The true story of how a beloved East Texas mortician murdered a wealthy widow could’ve made for a probing character study (or, perhaps, a tacky Netflix true crime docuseries). Instead, the director and co-writer Richard Linklater achieves a delicate and precise mixture of dark comedy and small-town portraiture, thanks in no small part to a cast that includes Jack Black (Linklater’s “School of Rock” star) as the mortician, Matthew McConaughey (Linklater’s “Dazed and Confused” star) as the district attorney who prosecutes him and the great Shirley MacLaine as the victim, a characterization she pitches somewhere between Ouiser from “Steel Magnolias” and Beelzebub.

‘A Hologram for the King’ (2016)

Stream it on Max.

Tom Hanks movies were still an event in 2016, yet few paid much attention to this light yet lofty adaptation of Dave Eggers’s novel. Perhaps it was just a bit too odd, too steeped in the hands-off style and indie sensibility of its director Tom Tykwer (“Run Lola Run”), but it’s an undiscovered gem of Hanks’s late period. He stars as Alan Clay, a recently divorced and undeniably desperate American consultant in Saudi Arabia for what is intended to be a brief sales pitch to the Saudi government. But days pass as he waits for his audience with the Saudi king, resulting in an unexpectedly effective combination of insightful character study and “Waiting for Godot”-inspired absurdism.

‘Bombshell: The Hedy Lamarr Story’ (2017)

Stream it on Netflix.

Few film stars of the 1930s were as shimmeringly seductive as the Viennese vamp first called Hedy Kiesler, and first known for her then-shocking in-the-buff turn in the 1933 Czech import “Ecstasy.” But this is no mere tale of Old Hollywood stardom.
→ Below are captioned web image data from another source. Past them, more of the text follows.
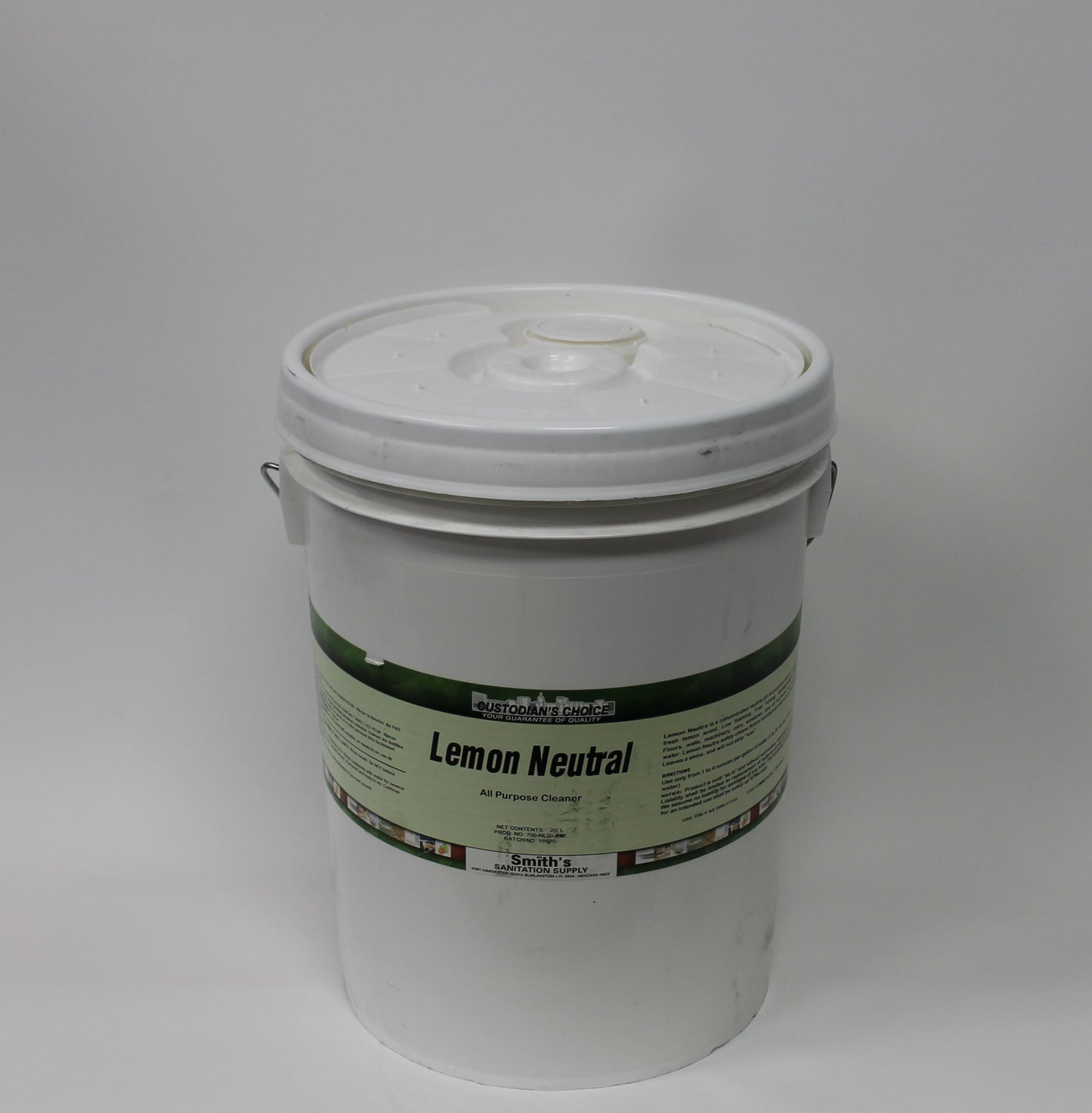 LEMON NEUTRAL CLEANER 20LCUSTODIAN'S CHOICE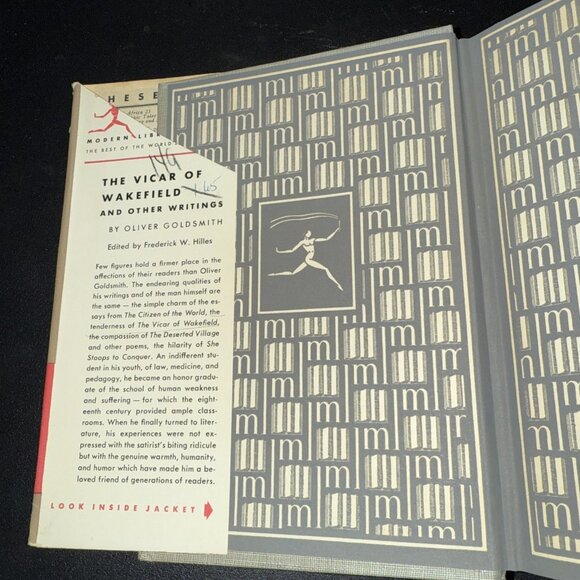 THE VICAR OF WAKEFIELD AND OTHER WRITINGS By Oliver Goldsmith Hardcover 1955 - Picture 5 of 16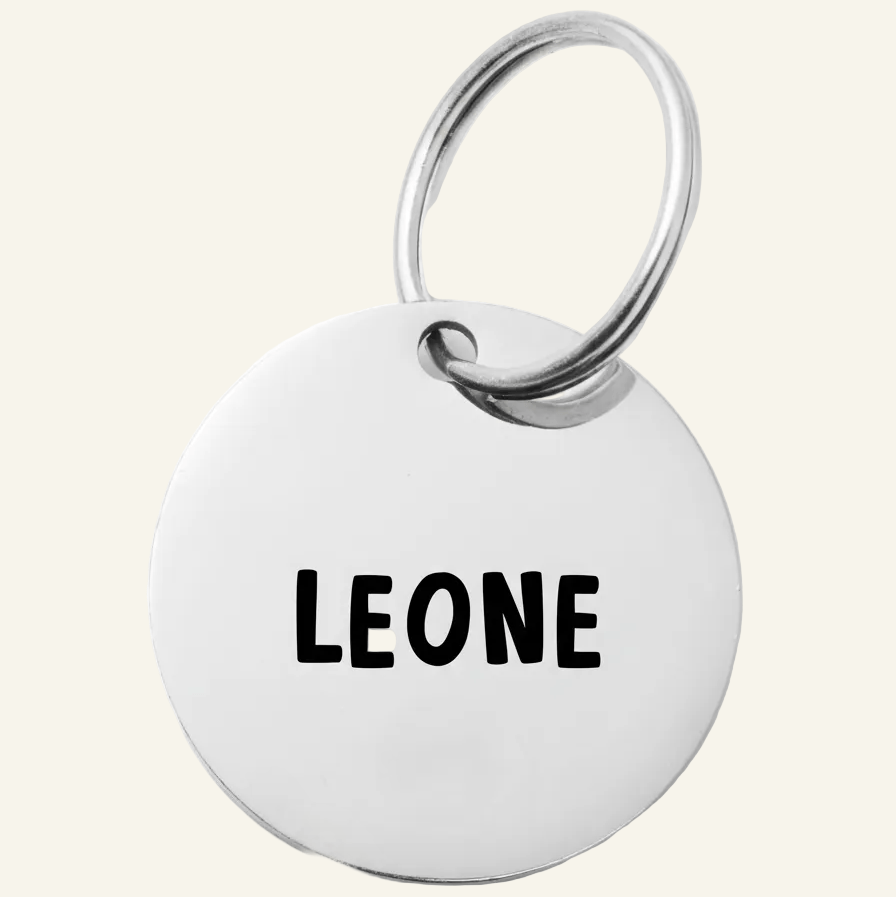 Personalised Pet ID Tag | Silver - PAW LONDON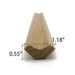 PROSAUNAS Thermo-Aspen 1x2 (14mm x 30mm) Inside Corner Trim SI Sauna - image 6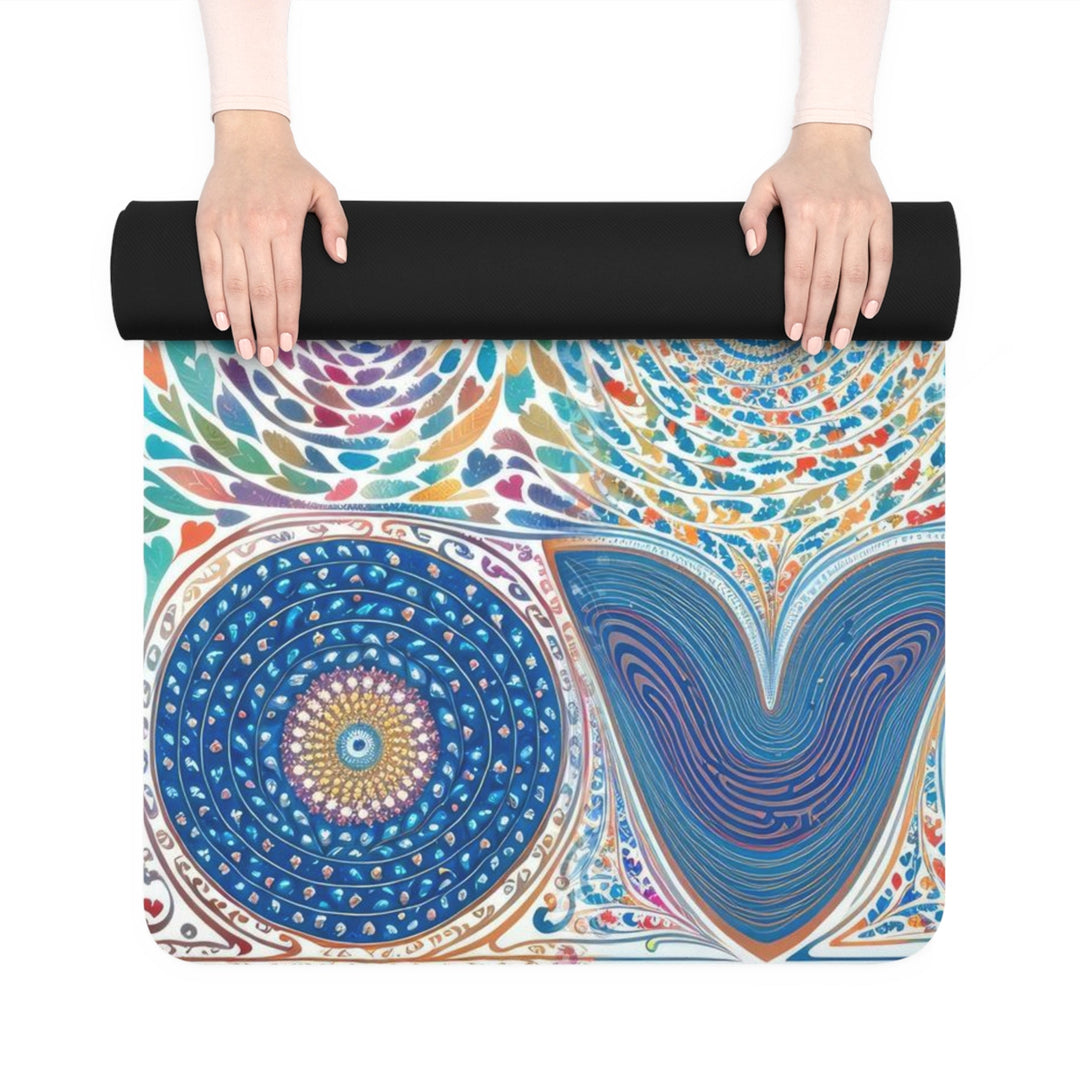 Intricate Love Mandala - Yoga Mat - Home Decor - g(0D·IO) - 24” x 68” - -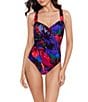 Color:Multi - Image 1 - Summer Lovin Nico Printed Sweetheart Halter Neck One Piece Swimsuit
Lamarr lived an eventful and exciting life, of sin and scandal and, most notably, invention — particularly her development of a communication system that formed the foundation of modern Wi-Fi, GPS, and Bluetooth. She was a woman more dynamic and complex than any of the characters she played, and Alexandra Dean’s documentary tells her story with excitement, verve and plentiful (not to mention well-earned) sympathy.

‘Radio Unnameable’ (2012)

Stream it on Amazon Prime Video.

For decades, Bob Fass was a comforting voice for nocturnal New Yorkers — the overnight host on WBAI-FM, an early developer and practitioner of “free-form radio,” opening his phone lines and airwaves to an assortment of searching callers and outlaw entertainers. Paul Lovelace and Jessica Wolfson’s affectionate documentary tells the story of Foss’s show and his life (to the limited extent that they were separate at all), via a riveting collection of archival audio recordings, photographs, films and memories, from his early searching days to the loosely organized and occasionally out-of-control gatherings of what he called his “cabal” of loyal listeners. On Fass’s show, insomniacs and night workers and eccentrics found not only a megaphone, but a community; Lovelace and Wolfson’s film gently draws the line to contemporary high-tech counterparts, while still longing for the idealism and possibility of the past.